La musica in questi anni mi ha levato tanto tempo, dandomi anche tante soddisfazioni. Ma il mio primo amore è il teatro. In questi due anni di stop ho riflettuto molto, e mi sono ripromesso di scrivere nuovi testi. Credo che il teatro abbia un ruolo fondamentale, qualunque genere porti in scena. Il teatro è un posto dove si possono raccontare storie importanti, quelle che lasciano al pubblico grandi domande. Io ho questa propensione al teatro civile perché credo molto nel racconto della realtà.
Come mai la decisione di mettere in scena la vita di Gino Strada? Il titolo arriva da una frase di Gino Strada: «Io non sono pacifista, io sono contro la guerra ». Quando è morto Strada ad agosto sono andato a leggere i suoi due libri. Conoscevo la realtà di Emergency, ma non conoscevo profondamente il suo pensiero. Sono rimasto folgorato. Leggere Strada è stato come leggere Terzani, sono quelle persone che ti cambiano il pensiero.

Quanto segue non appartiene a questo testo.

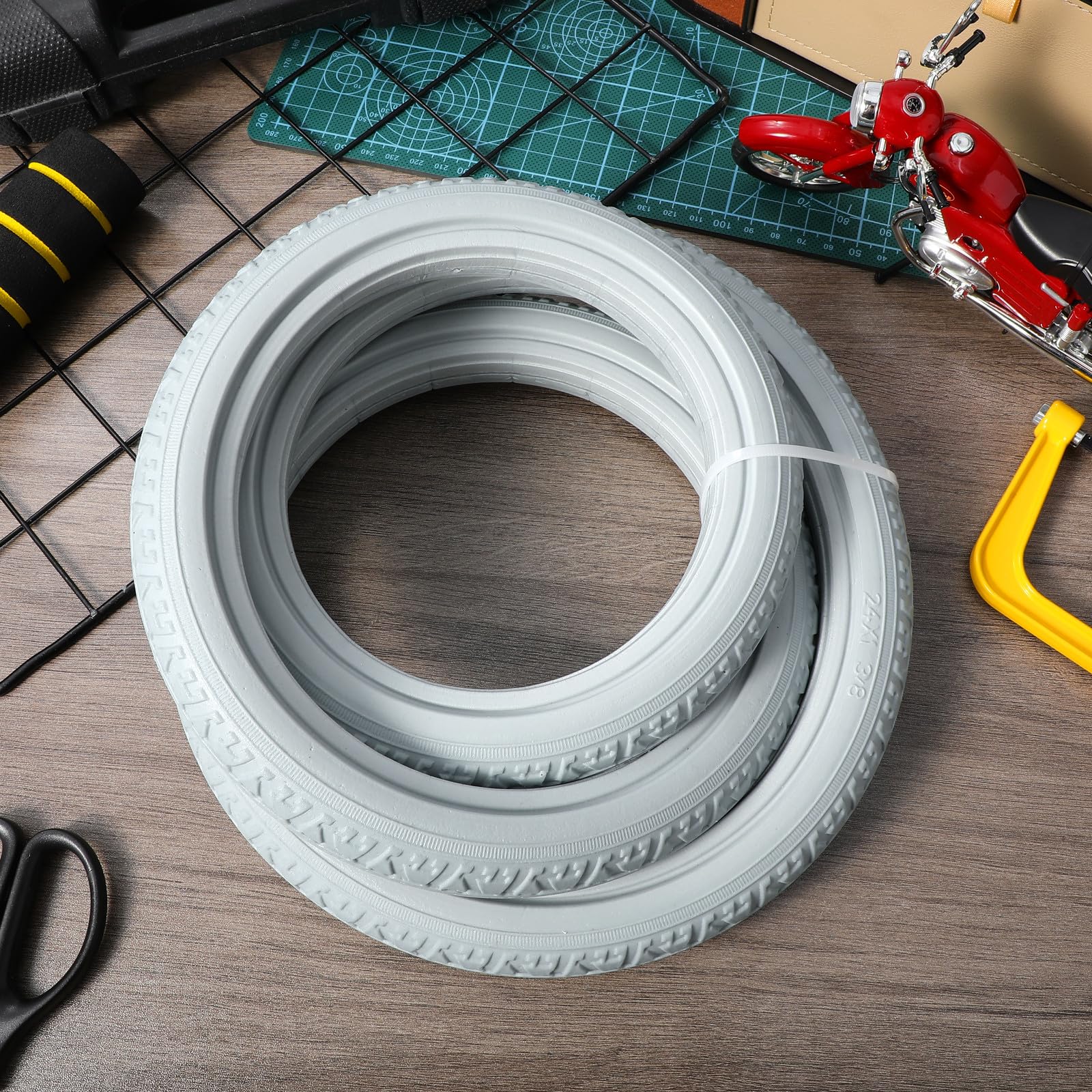 Ipetboom Rollstuhl Ersatzreifen PU Vollgummireifen 24 Zoll Pannensicher Elastisch für Elektrische und Manuelle Rollstühle Outdoor Gebrauch Stoßdämpfend Grau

Come viene portata in scena una figura come la sua?
Sono andato a rivedere tutte le sue apparizioni tv, ed a lui è ispirato il protagonista del monologo di cui sono autore, attore e regista. Giovanni, napoletano, è l’alter ego di questo uomo straordinario che ha speso la sua vita per gli altri. In scena userò un pezzo di legno che diventerà una barca, una trincea, un rifugio. Giovanni è cresciuto in famiglia normale, con un padre molto presente, un professore. Un giorno vede un uomo a terra che sta male, lo aiuta, e capisce che la sua strada è quella di aiutare le persone. La prima parte vede i passaggi dell’infanzia, dell’adolescenza, del primo amore. Quindici anni dopo lo ritroviamo in mezzo al mare di Procida, le cui stelle sono la sua cura. E ripercorre la barbarie della guerra in sette deliri, passando da un Paese all’altro, Kurdistan, Afghanistan, Ruanda. Nell’epilogo lui si pone delle domande esistenziali: perché lo faccio? per egocentrismo?
Si tratta anche di una riflessione sulle responsabilità dell’Occidente?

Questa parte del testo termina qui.